Maximum Tolerable Period of Disruption (MTPOD) and External Vendors
–By Nathan Schoenkin–
January 19, 2010
When beginning the development of Business Continuity Plans (BCP) it is important to decide how long each process can be out of operation before causing your company serious damage. If your company manufactures a product, or serves as a call center for technical support, a decision has to be made as to how long your company can maintain itself without completing its essential tasks. The length of time before your company will have suffered irreversible damage to its image and financial stability is known as the Maximum Tolerable Period of Disruption (MTPOD). A company can typically resume operations shortly after an incident by outsourcing or redistributing work amongst different facilities within the corporation. The purpose of this article is to discuss two aspects of MTPOD’s for a company, the first being how long a corporation can continue without functioning in any capacity, and the second being how long a company could function working through external sources.
The Maximum Tolerable Period of Disruption is the maximum amount of time a company can go before its reputation or overall relevancy will be seriously questioned. MTPOD’s vary greatly based on industry. For an Information Technology or Telecom Company the MTPOD cannot be more than a few days, but for a manufacturing plant the MTPOD can be as long as there is still inventory in a warehouse. Additionally, if there is a great deal of publicity focused on your company post incident, investors will become weary of your company’s ability to recover. While your warehouses might have enough product to continue distributing goods for several months, consumers and investors need to feel comfortable that they will never have a delay in shipments.

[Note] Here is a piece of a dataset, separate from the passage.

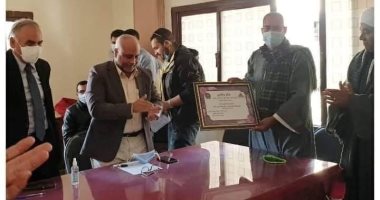 الرى تكرم مزارع لنشره فكر التحول إلى الرى الحديث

While your facility might be able to produce product externally without causing the broader organization any short term hardships, relying on external vendors for long periods of time can lead to a large amount of lost revenue and/or a sharp decline in customer satisfaction. If we consider what has happened in recent years with personal computer companies who have relied on providing technical support through outsourced call centers and the resulting increase in customer dissatisfaction, we can immediately see the importance of running operations internally. Whether you direct a manufacturing plant or a call center, the benefits of running operations internally is immense. With external vendors you will never have the control over operations that you would have with running operations internally, regardless of whether it be a language or cultural barrier for outsourced call center’s or a quality problem for goods produced by an external vendor.
While the cost of outsourcing labor during an incident might be lower than reproducing a facility, a BCP that does not include employees returning to work will lead to significant resentment towards the planning process. Employees will be much more willing to assist in the business continuity process if they know that their jobs will be around after an incident. Creation of BCP’s with the cooperation of all levels of employees distinguishes between an implementable recovery plan and one that is missing critical information to recover.

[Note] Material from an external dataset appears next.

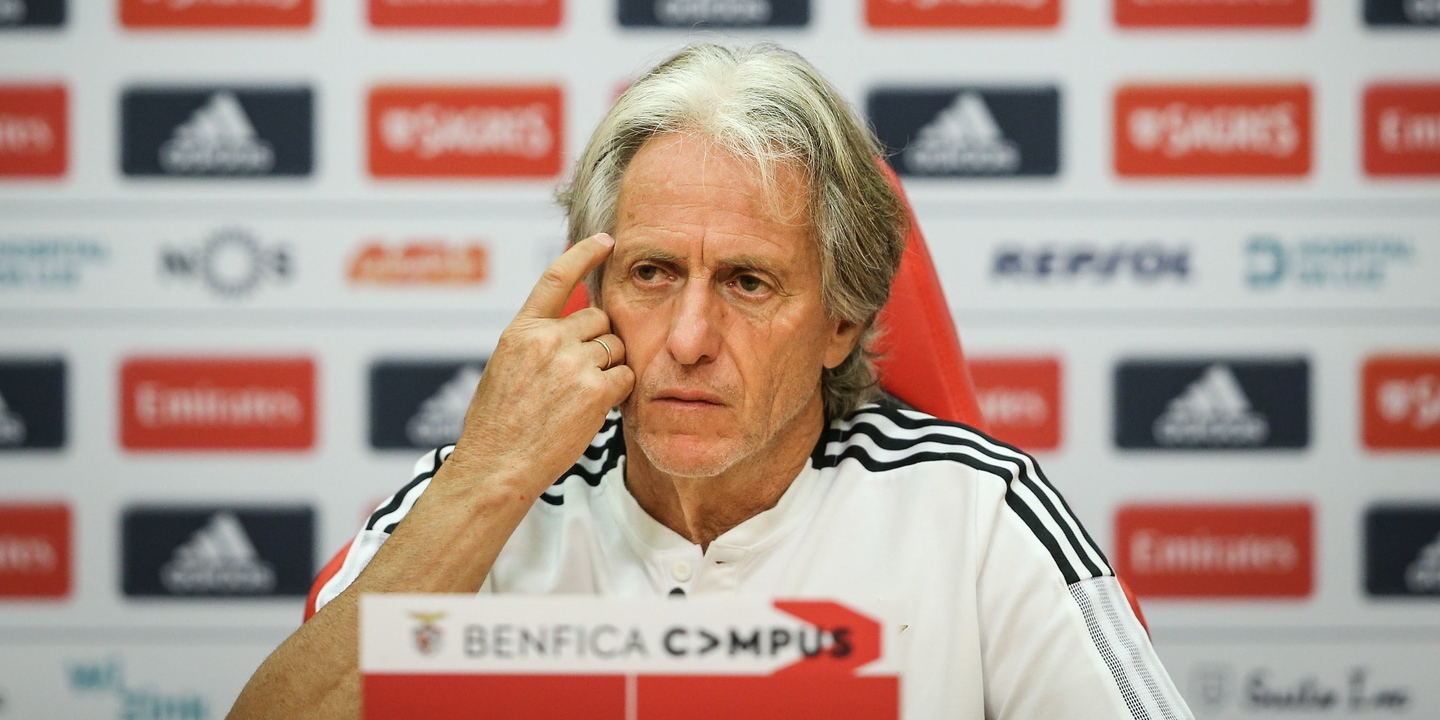 Líder Benfica tenta responder aos rivais na receção ao Boavista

The best way to ensure that your organization will be restored after a major incident would be through the creation of highly detailed BCP’s. Detailed BCP’s include complete lists of equipment and software, people, locations, and procuresses that are vital to the organization. While lists of equipment might be relatively simple for a small scale call center, manufacturing plants have a very extensive list of custom equipment that could take months to produce. Creating these lists of essential equipment will require multiple divisions within a company working together to decide what equipment can be shared, and what equipment is required exclusively for internal departmental use.
A multifaceted restoration approach would be ideal when designing continuity plans: [a] a team that would begin collaborating with external vendors to restore product flow, and [b] a second team that would begin to restore a new facility through the use of extensive documentation about the damaged facility. A figure explaining the two different restoration teams can be found below:
Through the use of these two teams your company will be able to restore product flow prior to the MTPOD while working towards the ultimate goal of restoring the facility to its prior condition.
In conclusion it is necessary to consider two different MTPOD’s when creating Business Continuity plans. The first would be the longest amount of time a company could “function” without actually providing its services or products, MTPOD, and the second would be how long a company could function while operating through external vendors. Different businesses have different needs, and extensive research on the ways in which the company functions need to be taken into account when determining which route to take. Decisions on the lengths of these MTPOD’s should not be made lightly, but rather with the guidance of Business Impact Analysts, Board of Directors, and experts in the field.